Woman celebrates lifetime of faith - Catholic Courier

Woman celebrates lifetime of faith

PENN YAN — Faith, love and trust are some of the most important things in life, according to Loretta Parshall, who will turn 90 July 26. God and her faith have been her constant companions, said Parshall, a member of St. Michael’s Parish in Penn Yan.

She begins each day by kissing the feet of the crucifix next to her bed and thanking God for the day ahead. Each day she tries to be the mouth and hands of God and make him happy. When she prays in the morning, it’s almost like she’s saying “Loretta Parshall, reporting for duty this morning,” she quipped. Before climbing into bed each night, Parshall again turns to the crucifix, thanking God for the day and hoping that she pleased him.

Parshall can’t imagine being anything but Catholic. Catholicism is in her genes, she said, noting that she probably would have been Catholic no matter where she lived or how she was raised. Nevertheless, she also credits her parents with instilling their faith in her. The daughter of Polish immigrants who came to America in the 1800s, Parshall was born in Pennsylvania in 1915, attended a Polish school run by nuns and didn’t speak a word of English until she was 6.

That year the coal mines Parshall’s father worked in shut down, and the family moved to a farm in Dundee. When the Depression struck, her family didn’t have any money, but neither did they feel most of the effects of the Depression since they produced their own food and milk, Parshall said.

Life on the farm was good but not easy for Parshall, her parents and her two sisters and three brothers. She can remember her sister running from the family’s burning house with one shoe on and one shoe off after being woken by their mother, who was pregnant at the time. There wasn’t a local fire department in those days, so Parshall and her family had to watch their house burn down.

“You just watched and you cried,” she said.

The Parshalls’ neighbors quickly helped the family build a new house, Parshall said, and life soon returned to normal. As children, she and her siblings enjoyed the simple pleasures of country life, like chewing birch bark because it tasted like birch beer, she said.

In order to attend Dundee High School, Parshall’s father brought her into town each week by horse and buggy so she could stay with the Miller family until the weekend. During her stay, the Millers learned that Parshall had not yet been confirmed, so they brought her to St. Michael’s, where a bishop was celebrating confirmations.

“That was the first time I set foot in St. Michael’s,” recalled Parshall, whose family attended St. Michael’s mission parish, St. Andrew’s in Dundee.

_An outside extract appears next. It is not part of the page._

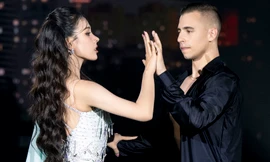 Á hậu Ngọc Hằng nhận ba điểm 10 ở Bước nhảy hoàn vũ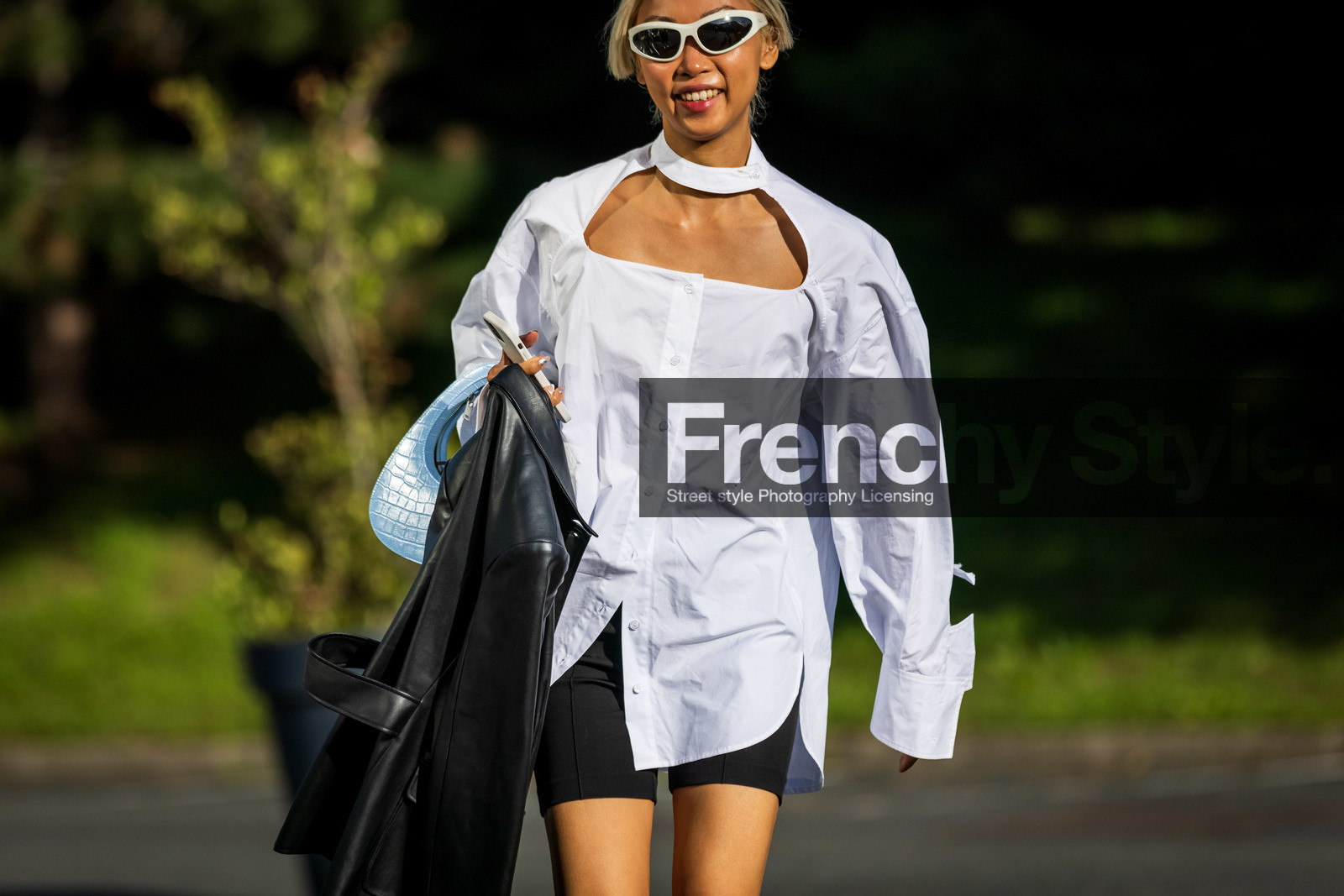 bag, biker short, black short, blue bag, coperni bag, croco bag, cut out shirt, leather bag, shirt, sunglasses, Vanessa Hong, white shirt, white sunglasses, street style, jonathan paciullo, FW, frenchystyle, fashion week, PFW, PARIS, SPRING SUMMER 2022, SS 22, horizontal, atmosphere details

After being confirmed at St. Michael’s in 1934, Parshall returned to the parish five years later for her marriage to Penn Yan native Elmer “Putt” Parshall. She has been heavily involved with the parish ever since, so much so that it sometimes seems like a second home to her, she said. Parshall’s eight children were baptized at St. Michael’s and attended the parish school, and the six boys were altar servers. Many of Parshall’s relatives — including her parents, husband, infant daughter, sister and brothers — are buried in the parish cemetery.

She served as a lector and an extraordinary minister of holy Communion at the parish for several decades and spent 16 years on the parish liturgy committee. Parshall was a member of the Nocturnal Adoration Society for 25 years and was an active volunteer with Church Women United of Yates County. Through this organization, she performed sacred and liturgical dances at local churches until 1995.

Parshall also belonged to Catholic Daughters of the Americas Court 1173 St. Michael-Penn Yan for 52 years and twice served as its grand regent. As a Catholic Daughter, she was involved in a number of local charitable projects. She also helped found the Yates County Office for the Aging and ran on the Democratic ticket in a local election in 1981.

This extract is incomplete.